Example #5: Show that the set of all rational number has infinitely many limit points, .i.e $$L\left(\mathbb{Q} \right) = \mathbb{R}$$.

Solution:
By the definition, $$\forall \epsilon > 0$$, the interval $$\left (x-\epsilon , x+\epsilon \right )$$ contains infinitely many points of $$\mathbb{Q}$$ other than $$x$$. Hence,  $$\left (x-\epsilon , x+\epsilon \right ) \cap \mathbb{Q}\setminus \left \{ x \right \} \neq \phi$$. Therefore, every real number is limit point of $$\mathbb{Q}$$.
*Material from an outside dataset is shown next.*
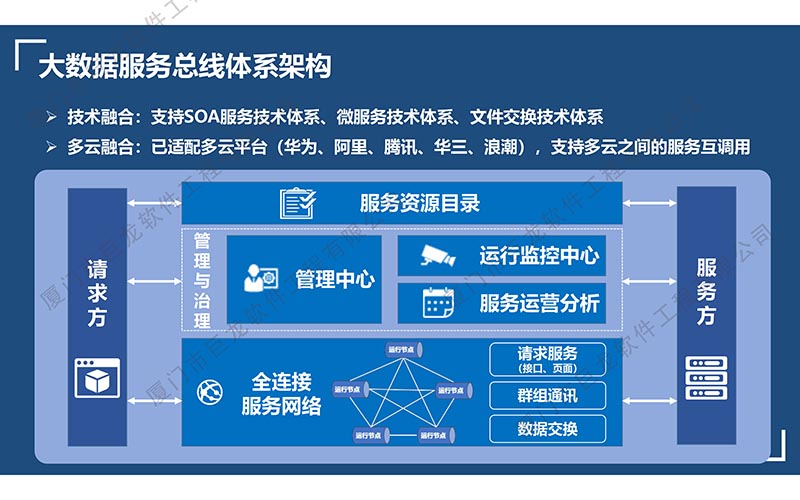 大數(shù)據(jù)服務總線產(chǎn)品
Example #6: Show (in term of limit points) that the set of all natural number $$\mathbb{N}$$ is closed set.

Solution:
To prove that $$\mathbb{N}$$ is closed, we have to show that it contains all its limit points. And we knew that $$L\left( \mathbb{N} \right) = \phi$$. Now, since $$\phi \subset \mathbb{N}$$ then $$\mathbb{N}$$ contains all of limit point. i.e, $$\phi \cap \mathbb{N} \setminus \phi \neq \phi$$.

Example #7: Let $$S=\left \{ \frac{1}{n}:n \in \mathbb{Z}^{+} \right \}$$. Show that $$L \left ( S \right ) = \left \{ 0 \right \}$$.

Solution:
Implement the following set on the real line to have the following sketch:

The only limit point appear here is the $$0$$ point, since $$\forall \epsilon > 0$$, the interval $$\left (0-\epsilon , 0+\epsilon \right )$$ contains points of $$S$$ other than the zero point itself. Therefore, using the difinition of the limit point, we can say that  $$\left (0-\epsilon , 0+\epsilon \right ) \cap S \setminus 0 \neq \phi$$. Hence the only limit point of $$S$$ is the Zero point.